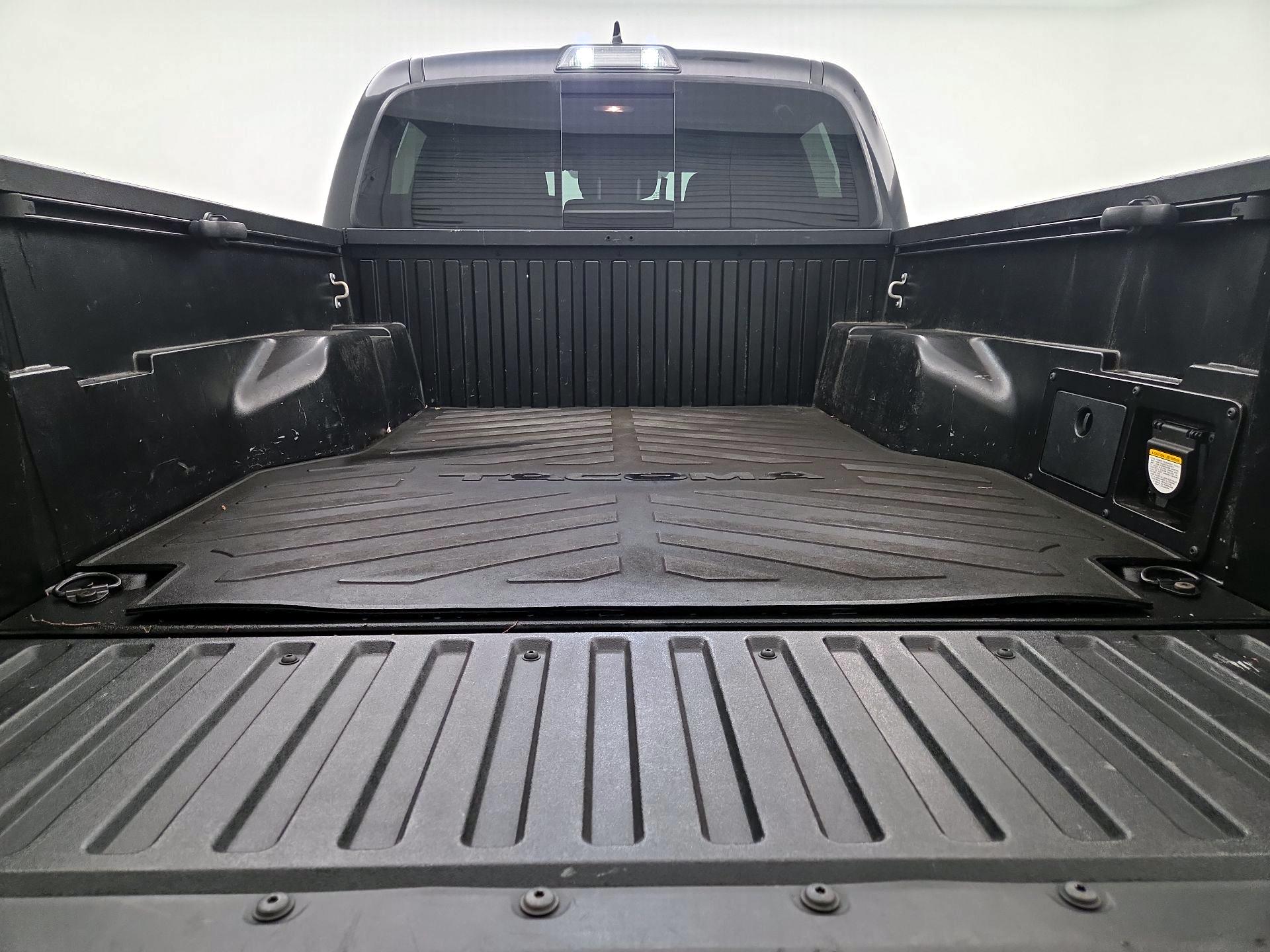 Thumbnail: 2019 Toyota Tacoma - 20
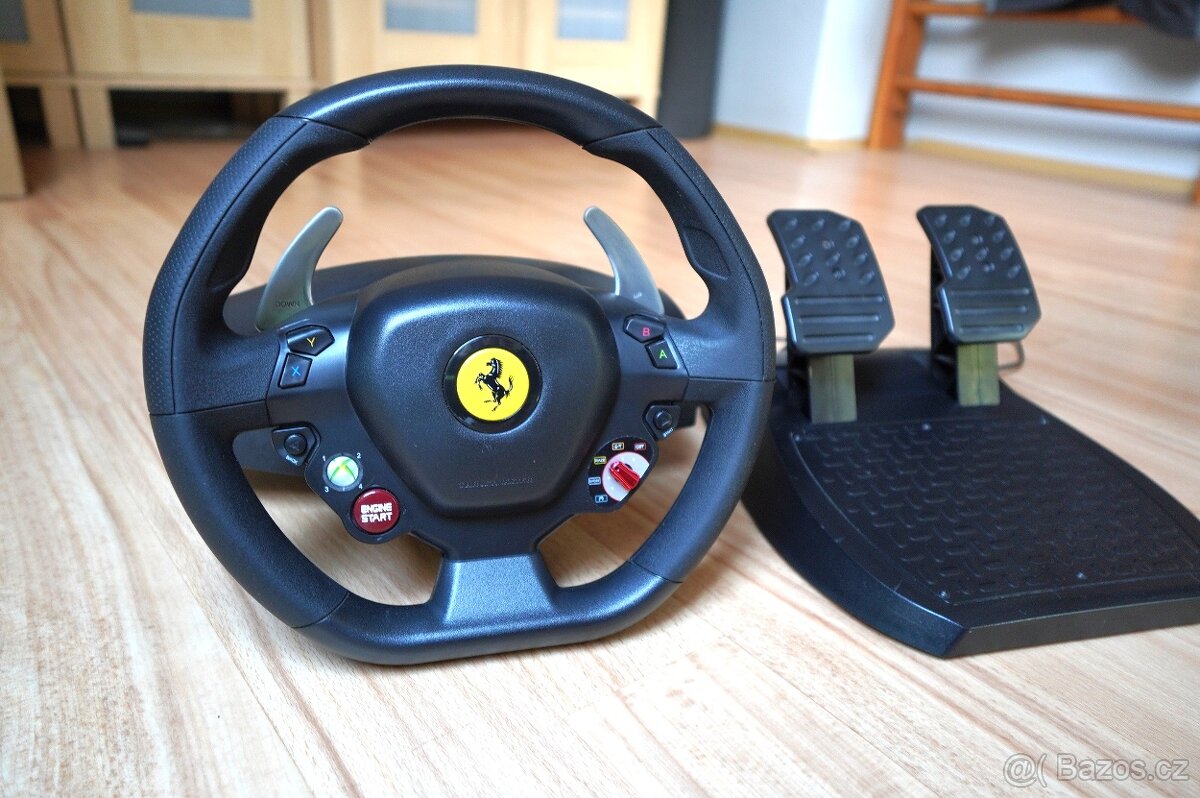 Volant Thrustmaster Ferrari 458 Italia XBOX 360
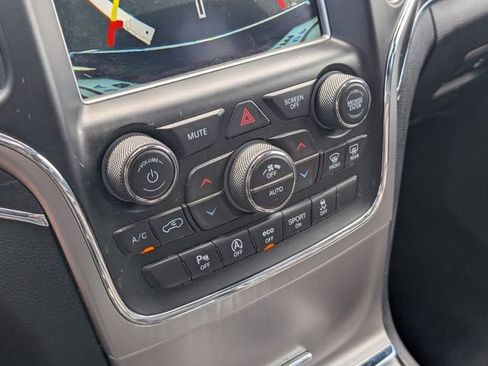 Used 2018 Jeep Grand Cherokee Limited image 25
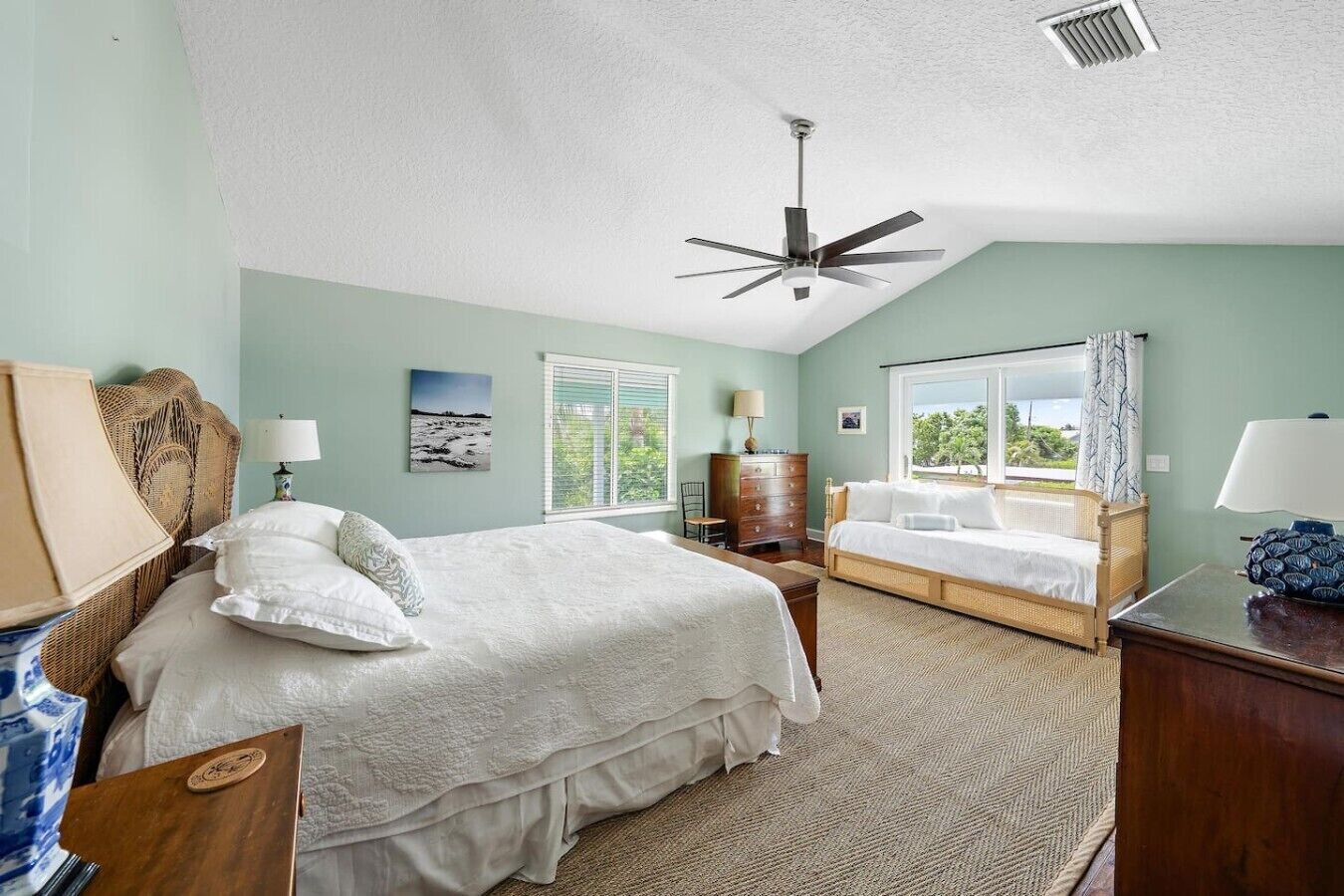 4 bedrooms, desk, WiFi, bed sheets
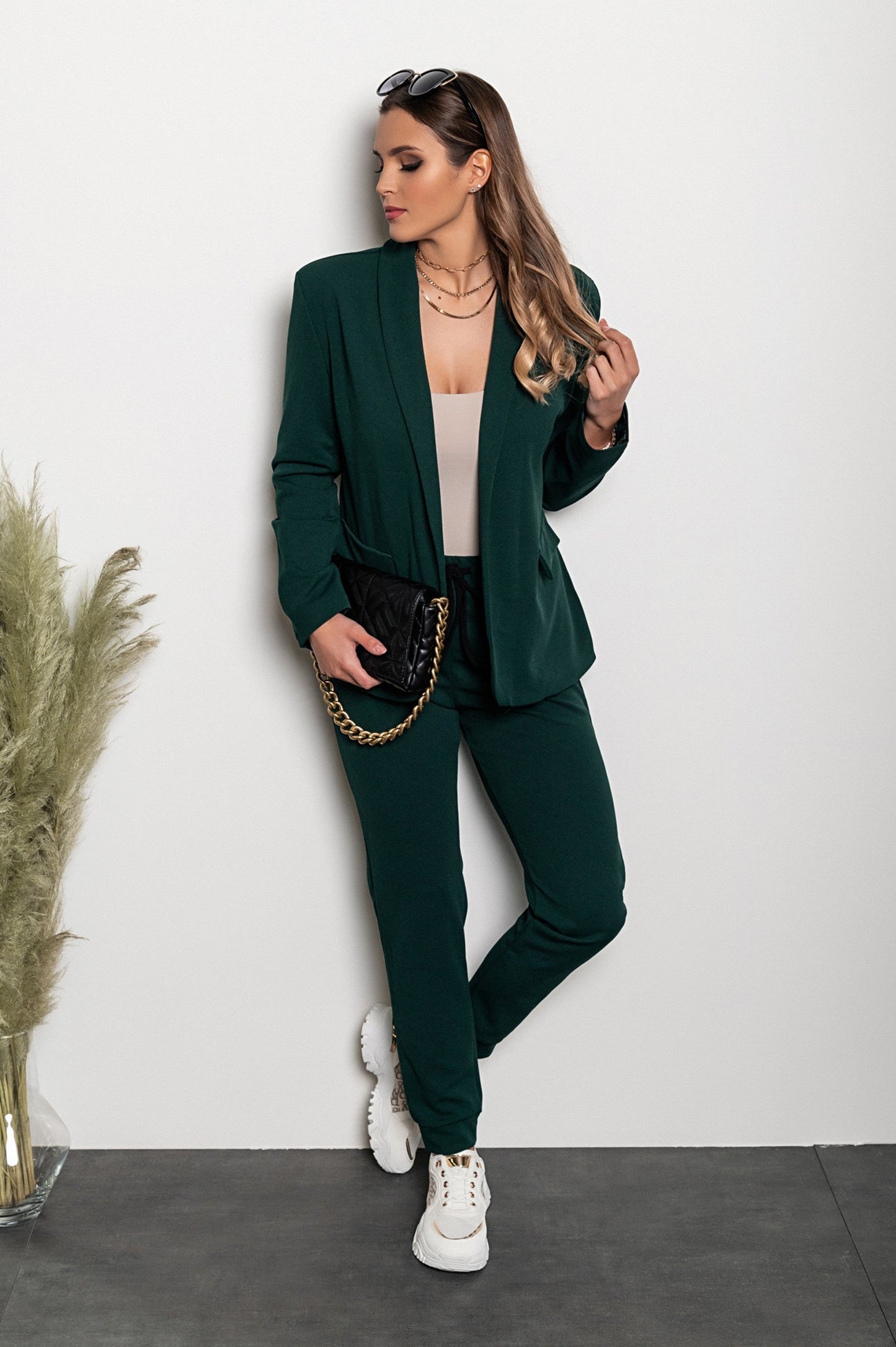 Elegant trousers and blazer set Estrena, green - Trending Products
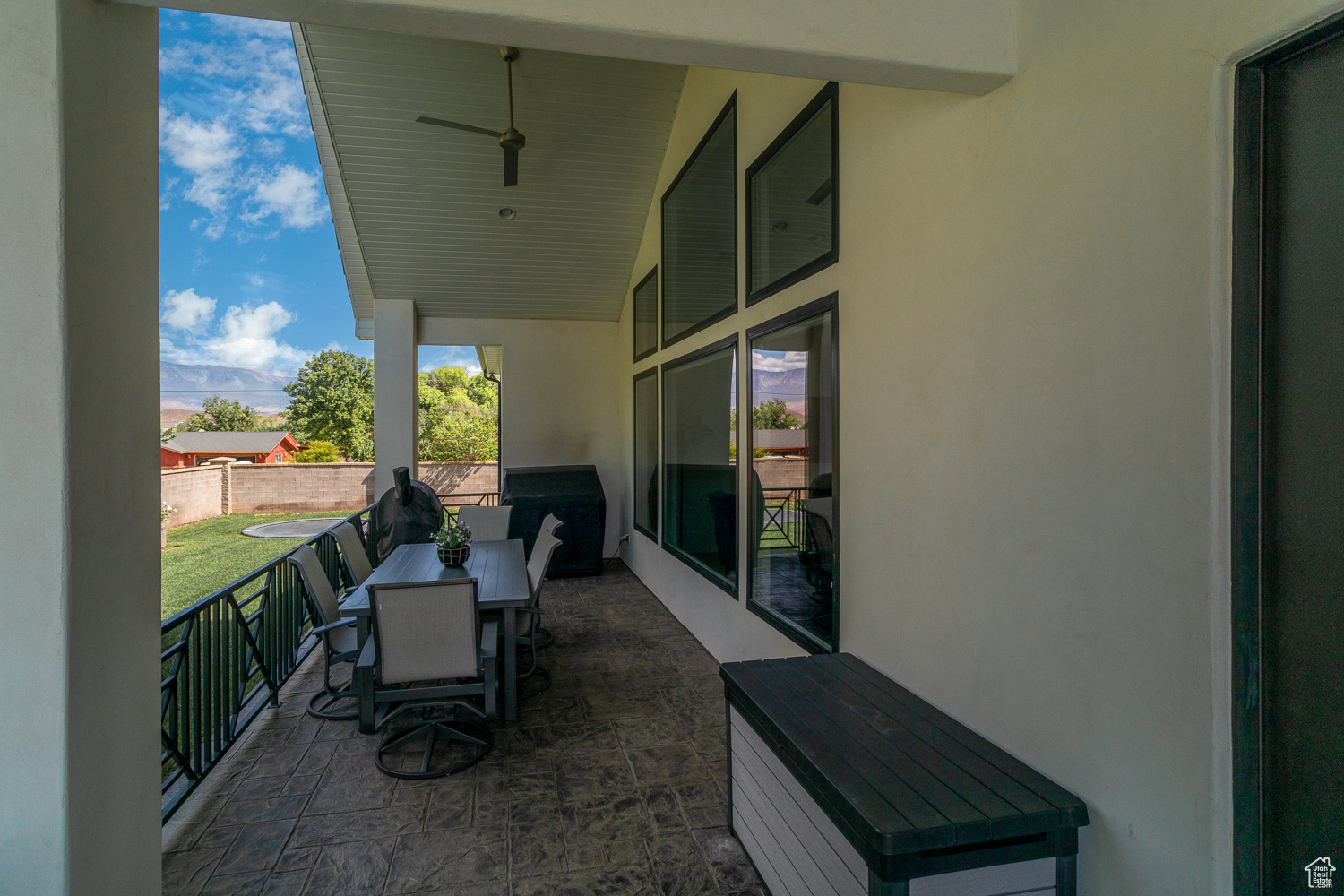 WINDSOR ESTATES AMD - Residential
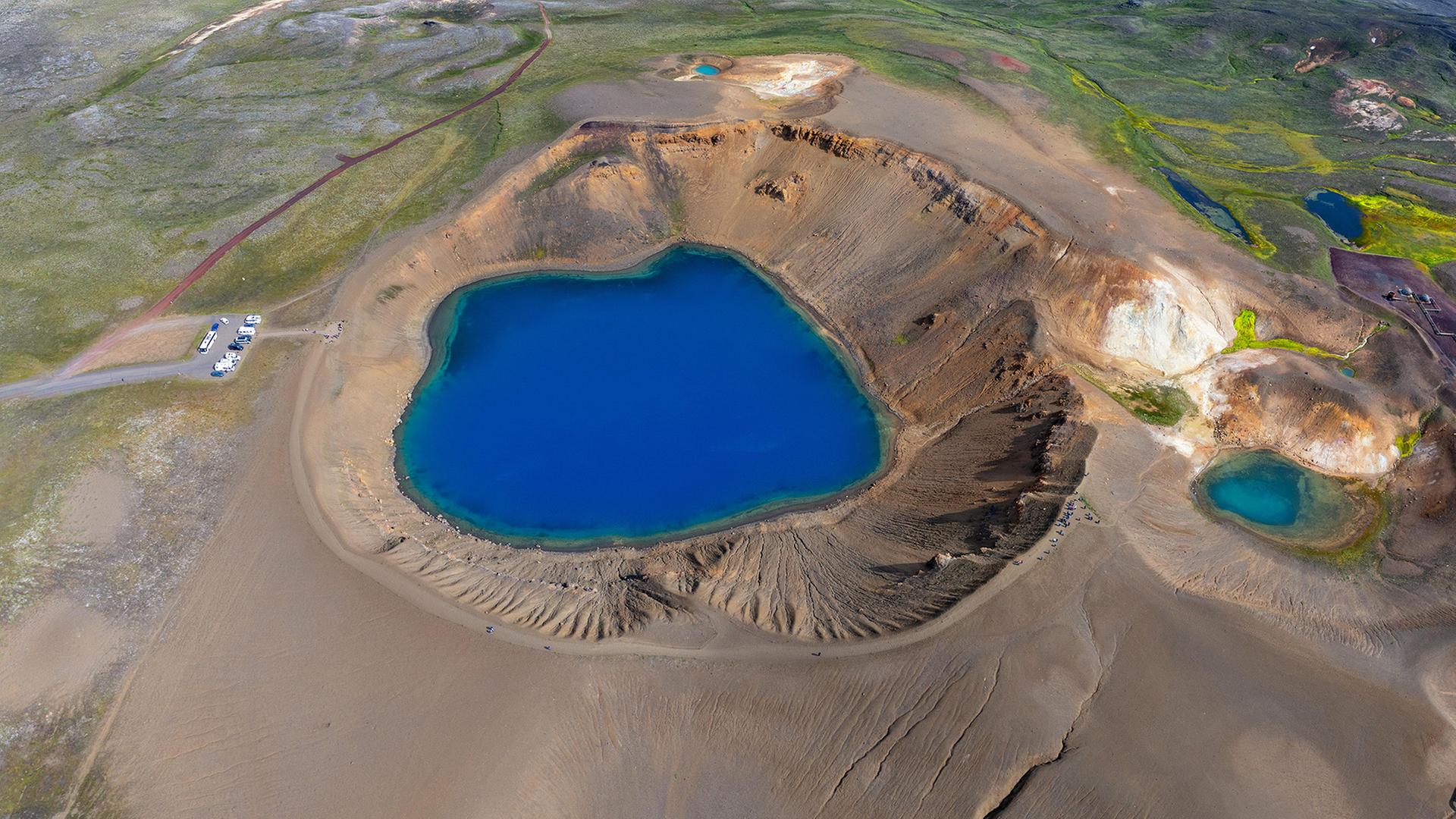 vulkan see krafla 100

*-*-*

| Activity |
Output every record above exactly, leaving out the pictures.

| Exercise solution |
 Thumbnail: 2019 Toyota Tacoma - 20
 Volant Thrustmaster Ferrari 458 Italia XBOX 360
 Used 2018 Jeep Grand Cherokee Limited image 25
 4 bedrooms, desk, WiFi, bed sheets
 Elegant trousers and blazer set Estrena, green - Trending Products
 WINDSOR ESTATES AMD - Residential
 vulkan see krafla 100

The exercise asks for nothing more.